Aktivist Louis Rossmann’ın dediği gibi, “mülkiyet” kelimesinin anlamı şirket politikalarında yeniden tanımlanıyor. “Satın alma”, aslında artık “kiralama” anlamına geliyor. Üstelik ömür boyu erişim gibi vaatlerin bile çoğu 2 yıl bile sürmüyor.
Gizliliğin ve Güvenin Erimesi
Cambridge Analytica skandalı, sosyal medya devlerinin kişisel verileri nasıl kullandığını ve demokrasiyi nasıl etkilediğini gözler önüne serdi. Artık “gizlilik” bir tercih değil, bir lüks. Facebook’un algoritmaları üzerinden yürütülen seçim kampanyaları, toplum mühendisliğinin dijital versiyonuna dönüştü.
Gazeteci Carol Cadwalladr, bu tehlikeyi dile getirdiği için yıllarca hukuki tacize uğradı. Teknoloji, sadece mahremiyetimizi değil, aynı zamanda demokratik haklarımızı da tehdit eder hale geldi.
Teknolojinin Servet Uçurumu Yaratması
Teknoloji sadece hayatı kolaylaştırmakla kalmıyor; gelir adaletsizliğini de artırıyor. Bir yanda trilyon dolarlık teknoloji şirketleri, diğer yanda dijital tuzaklara düşmüş kullanıcılar. Abonelik iptallerinin neredeyse imkansız hale gelmesi, küçük ücretlerin büyük sorunlara dönüşmesi, her şey kullanıcıya karşı kurulmuş bir düzen hissi yaratıyor.
Tüm Bunların Ortak Noktası: Kullanıcısız Kullanıcı Deneyimi
UX (kullanıcı deneyimi) eskiden kullanıcıyı merkeze alan bir alandı. Bugün ise kullanıcı deneyimi, kullanıcıyı dışlayan bir hale geldi. Hangi uygulamaya girerseniz girin, hissiyat hep aynı: “Bu platform benim için değil; ben bu platform için varım.” Google’da bir şey aramak bile artık bilgi bulma çabası değil, reklamları atlatma savaşı gibi.
Çıkış Yolu: Analogun Sessiz Direnişi
Bu dijital bıkkınlık karşısında dünya çapında – Türkiye dahil – ilginç bir eğilim ortaya çıktı: fiziksel medya geri dönüyor. Kitaplar, CD’ler, plaklar, DVD’ler yeniden ilgi görüyor. Bir kitap, abonelik bittiği için rafınızdan silinmez. Bir plak, veri toplamaz. Analog kamera, sizden hesap açmanızı istemez. Çünkü bu araçlar sadece işlevsel değil; aynı zamanda insanidir.

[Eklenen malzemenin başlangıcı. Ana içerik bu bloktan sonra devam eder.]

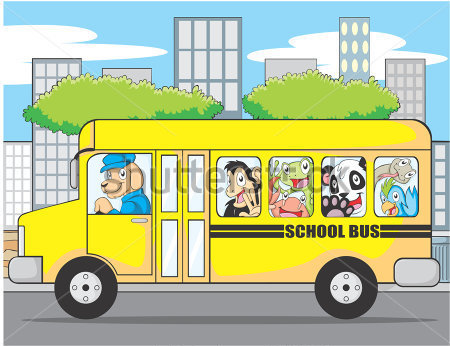 Clipart Picture Cartoonish School Bus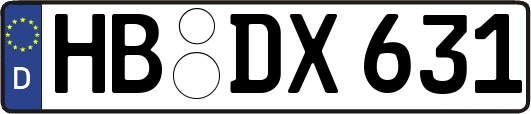 HB-DX631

İnsan Deneyimi: Hız Değil, Anlam Arıyoruz
Bugün medya içerikleri, tıpkı toz mama gibi hızlı tüketilen, duygusuz ürünlere dönüştü. Oysa insan, yalnızca beslenmek için değil, birlikte yemek yemek için de yemek yer. Bir albümü plak olarak dinlemek, bir kitabı fiziksel olarak okumak, bir anıyı dijital değil, analog bir kamera ile kaydetmek: tüm bunlar, insan olmanın anlamını yeniden inşa ediyor.

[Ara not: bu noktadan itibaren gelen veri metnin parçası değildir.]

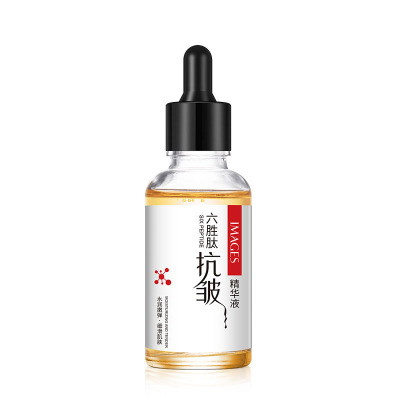 正品六胜肽抗皱精华液提拉紧致补水保湿嫩肤淡皱纹细纹抬头纹男女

İlham Veren Direniş: Sessiz Devrim
Tüm bu gelişmeler, büyük bir “hissetme” değişimini yansıtıyor. Kendi kararlarımızı verme, kendi zevkimizi seçme, zamanımızı nasıl değerlendireceğimize kendimizin karar vermesi gibi insani haklarımızı geri istiyoruz.

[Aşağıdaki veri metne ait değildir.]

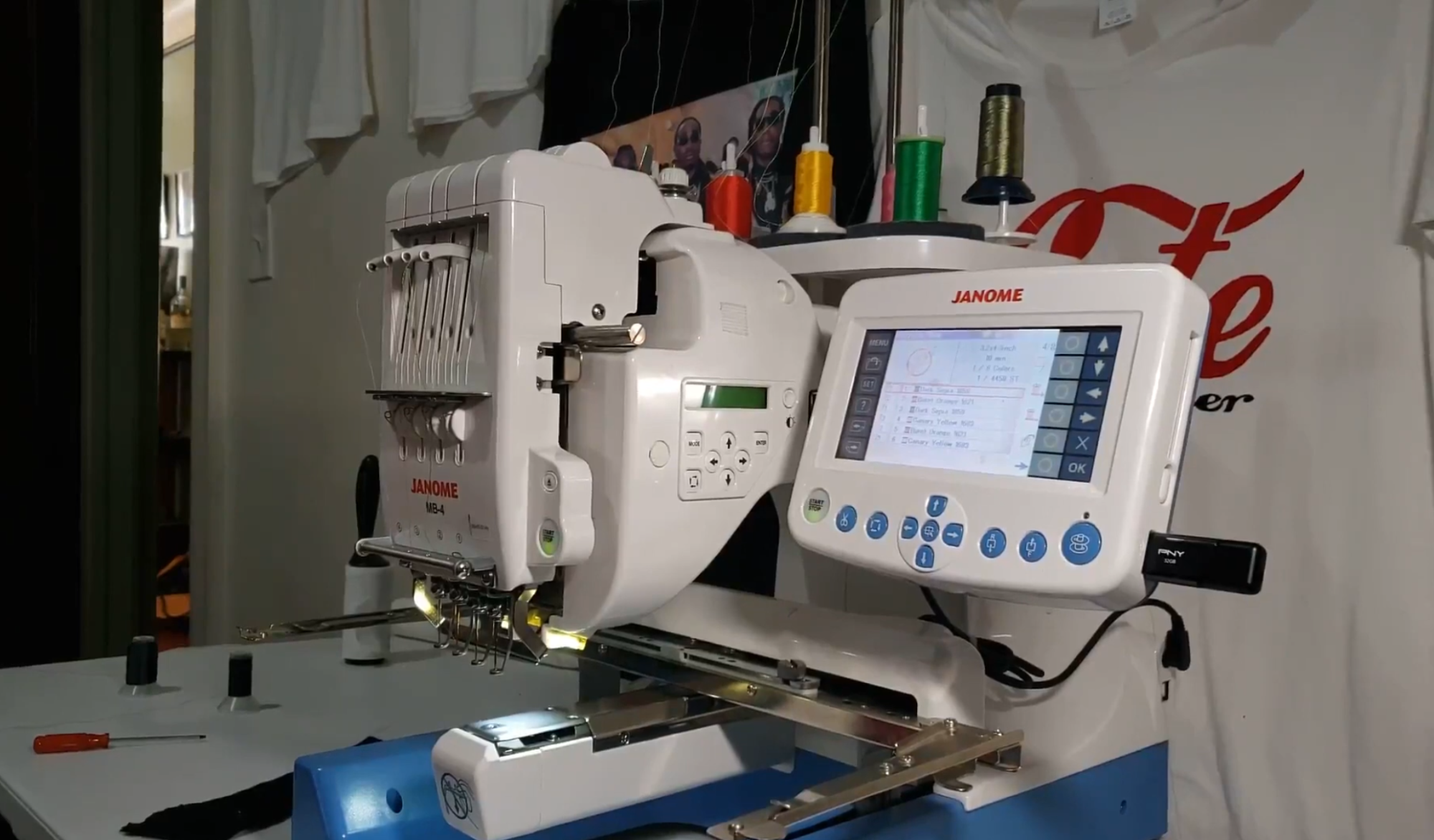 the janome mb4secheapest multi needle embroidery machine on the market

Fiziksel medya; sahiplik, kontrol, nostalji ve yavaş tüketim duygusunu geri getiriyor. Bunlar ölçülemez ama gerçek olan değerlerdir.
Ve Unutmadan: İnsanlık Hala Burada
Charlie Chaplin, 1940’ta yaptığı Büyük Diktatör filmindeki konuşmasında şunları söylemişti:
Makinalar bolluk verirken bizleri yoksul bıraktı. Zekamız bizi alaycı, akıllılığımız bizi zalim yaptı. Çok düşünüyoruz, az hissediyoruz. İnsanlığa her zamankinden daha çok ihtiyacımız var.
Bugün hâlâ aynı yerdeyiz. Teknoloji gelişti ama insanlık yorgun. Çözüm ise çok da karmaşık değil. Belki biraz yavaşlamak, biraz hissetmek ve dijital olanı değil, insani olanı tercih etmek yeterli olacak.